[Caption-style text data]

********************

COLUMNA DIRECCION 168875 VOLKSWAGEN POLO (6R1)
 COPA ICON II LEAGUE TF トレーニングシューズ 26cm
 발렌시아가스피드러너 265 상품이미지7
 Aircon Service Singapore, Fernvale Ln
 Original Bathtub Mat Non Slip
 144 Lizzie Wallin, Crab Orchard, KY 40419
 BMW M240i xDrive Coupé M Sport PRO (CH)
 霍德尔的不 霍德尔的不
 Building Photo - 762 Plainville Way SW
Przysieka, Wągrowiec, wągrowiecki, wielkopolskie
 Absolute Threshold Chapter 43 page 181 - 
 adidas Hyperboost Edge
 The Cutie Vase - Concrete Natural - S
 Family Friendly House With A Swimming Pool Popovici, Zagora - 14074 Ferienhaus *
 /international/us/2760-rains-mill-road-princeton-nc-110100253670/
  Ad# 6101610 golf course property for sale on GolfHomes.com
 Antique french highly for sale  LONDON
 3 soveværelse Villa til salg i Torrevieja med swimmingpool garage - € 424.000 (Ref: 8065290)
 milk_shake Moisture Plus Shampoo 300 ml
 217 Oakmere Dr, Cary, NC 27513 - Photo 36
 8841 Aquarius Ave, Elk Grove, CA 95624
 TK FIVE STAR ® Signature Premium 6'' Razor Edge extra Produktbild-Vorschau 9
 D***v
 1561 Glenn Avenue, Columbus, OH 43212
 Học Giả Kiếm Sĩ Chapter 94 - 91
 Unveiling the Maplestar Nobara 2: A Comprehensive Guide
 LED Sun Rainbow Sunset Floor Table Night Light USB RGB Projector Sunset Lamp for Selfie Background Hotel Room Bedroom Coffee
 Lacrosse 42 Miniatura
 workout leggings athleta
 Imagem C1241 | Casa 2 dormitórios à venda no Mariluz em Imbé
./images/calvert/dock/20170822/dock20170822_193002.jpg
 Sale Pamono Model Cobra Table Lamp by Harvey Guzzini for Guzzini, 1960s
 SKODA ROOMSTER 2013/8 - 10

********************

• [WORK INSTRUCTION] Copy out exactly the lines running from the line with "LED Sun Rainbow" to the end of the records, inclusive.

• [TASK OUTPUT]
 LED Sun Rainbow Sunset Floor Table Night Light USB RGB Projector Sunset Lamp for Selfie Background Hotel Room Bedroom Coffee
 Lacrosse 42 Miniatura
 workout leggings athleta
 Imagem C1241 | Casa 2 dormitórios à venda no Mariluz em Imbé
./images/calvert/dock/20170822/dock20170822_193002.jpg
 Sale Pamono Model Cobra Table Lamp by Harvey Guzzini for Guzzini, 1960s
 SKODA ROOMSTER 2013/8 - 10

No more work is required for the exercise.